_Requirement:_ Write every line below out again, exactly as given, but leave out the pictures.
————
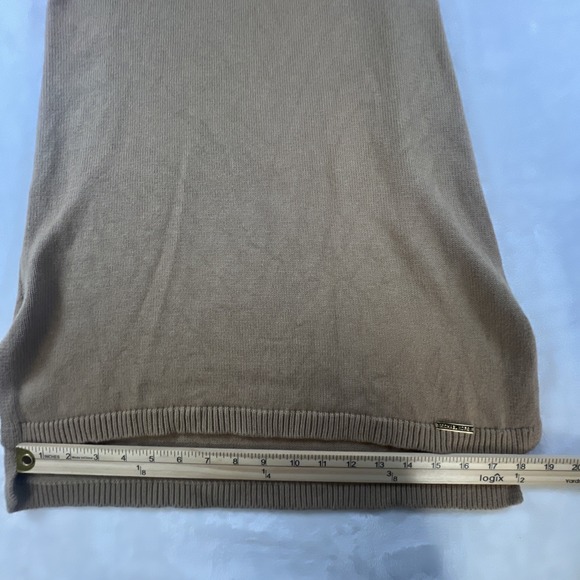 Michael Kors Women's Sleeveless Dark Tan Sweater Cowl Neck Size Small - Picture 6 of 10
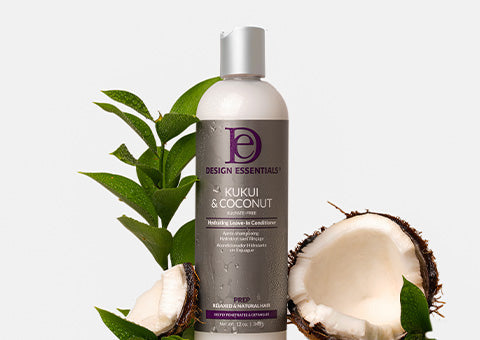 Design Essentials Kukui & Coconut Hydrating Leave-in Conditioner 12oz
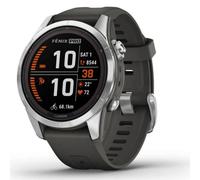 Reloj deportivo Garmin Fēnix 7S Pro 1.2" Power Glass GPS Solar Plata Banda Grafito 32GB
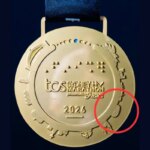 Insólito: las medallas de la Maratón de Sídney incluyeron por error un estadio de Alemania en su diseño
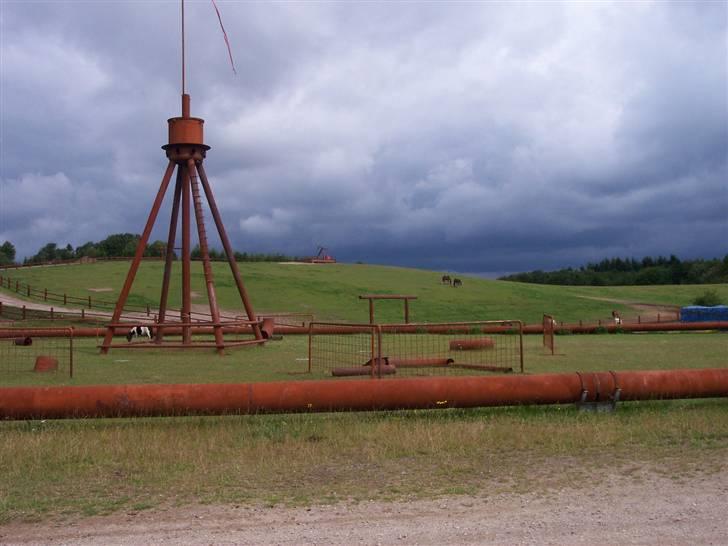 Østerlund Ridelejr - Det første man ser af østerlund når man kører ind på pladsen. billede 2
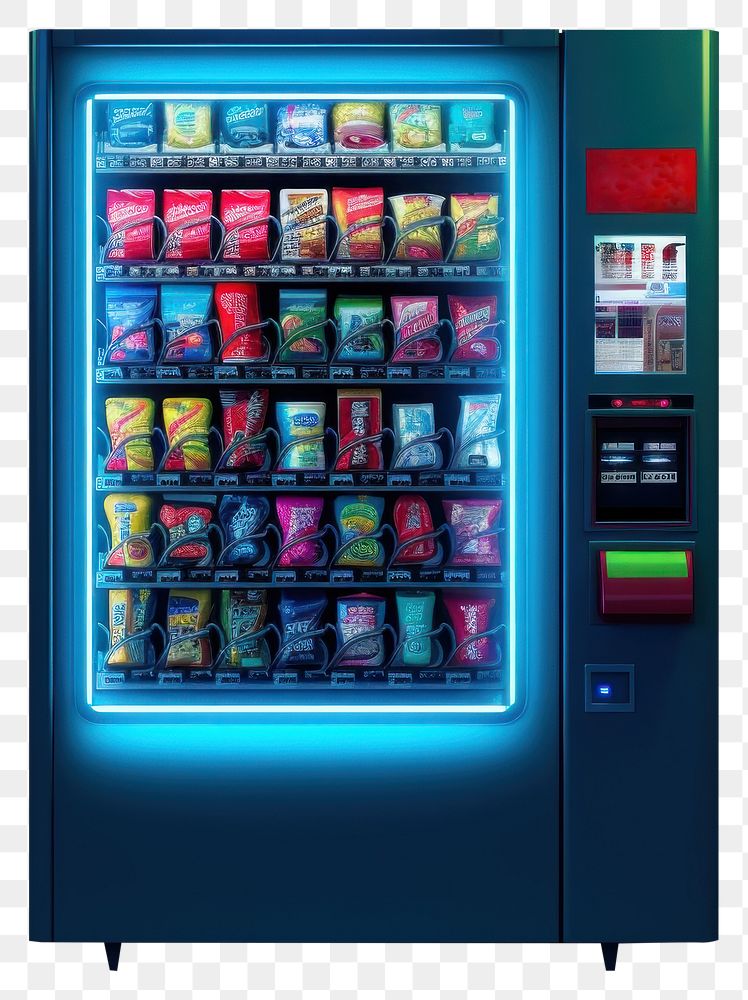 PNG Vending machine refrigerator technology variation. AI generated Image by rawpixel.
————
_Task output:_
 Michael Kors Women's Sleeveless Dark Tan Sweater Cowl Neck Size Small - Picture 6 of 10
 Design Essentials Kukui & Coconut Hydrating Leave-in Conditioner 12oz
 Reloj deportivo Garmin Fēnix 7S Pro 1.2" Power Glass GPS Solar Plata Banda Grafito 32GB
 Insólito: las medallas de la Maratón de Sídney incluyeron por error un estadio de Alemania en su diseño
 Østerlund Ridelejr - Det første man ser af østerlund når man kører ind på pladsen. billede 2
 PNG Vending machine refrigerator technology variation. AI generated Image by rawpixel.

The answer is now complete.